In Weaving A Dress, a woman at the edge of the picture grapples with a huge snarl of chandeliers, chairs, candles and other ornamental whatnot. The woman wearing The Red Dress drags a house and various furnishings on her train, which morphs into a peninsula from which she looks out to sea.

Another agglomeration of canvas stretchers, house forms, ribbons, chains and textiles becomes a circus spectacle for a swirling multicoloured audience under the big top’s floating tent in The Painting Side Show. In Returning, youthful figures regularly arrayed to the horizon of a pink plain are bound together in a kind of fantastic folk dance by umbilicals of chain or ribbon.

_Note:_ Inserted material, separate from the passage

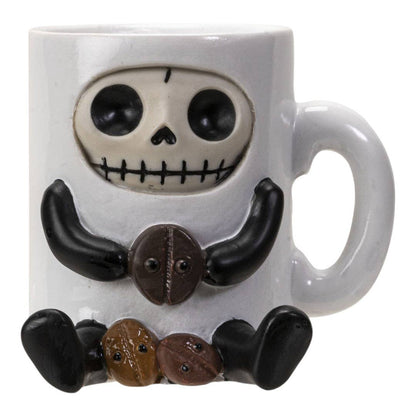Hand-painted resin figurine of a white coffee mug with a skeleton face, black coffee bean arms, and brown coffee bean feet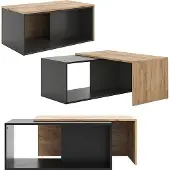 Vicco Table basse Paul Anthracite/chêne doré 90x48cm, Model 54643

Rocan’s work is a meditation not only on material excess and the beauty of decay but on women’s fraught connection to the decorative and the home and on the act of representational painting itself. Inconsistencies of scale contribute a surreal quality, and the artist skilfully resolves areas just this side of muddy into pleasantly hazy backgrounds and loosely applied brush strokes into recognizable forms.

Rocan imparts an off-kilter, disturbing feel to colourful, “pretty” imagery that’s reminiscent of the paintings of early 20th-century Belgian proto-surrealist painter James Ensor. While many young artists seem content to recycle kitsch and pop culture, she presents a complex, strikingly original painted world.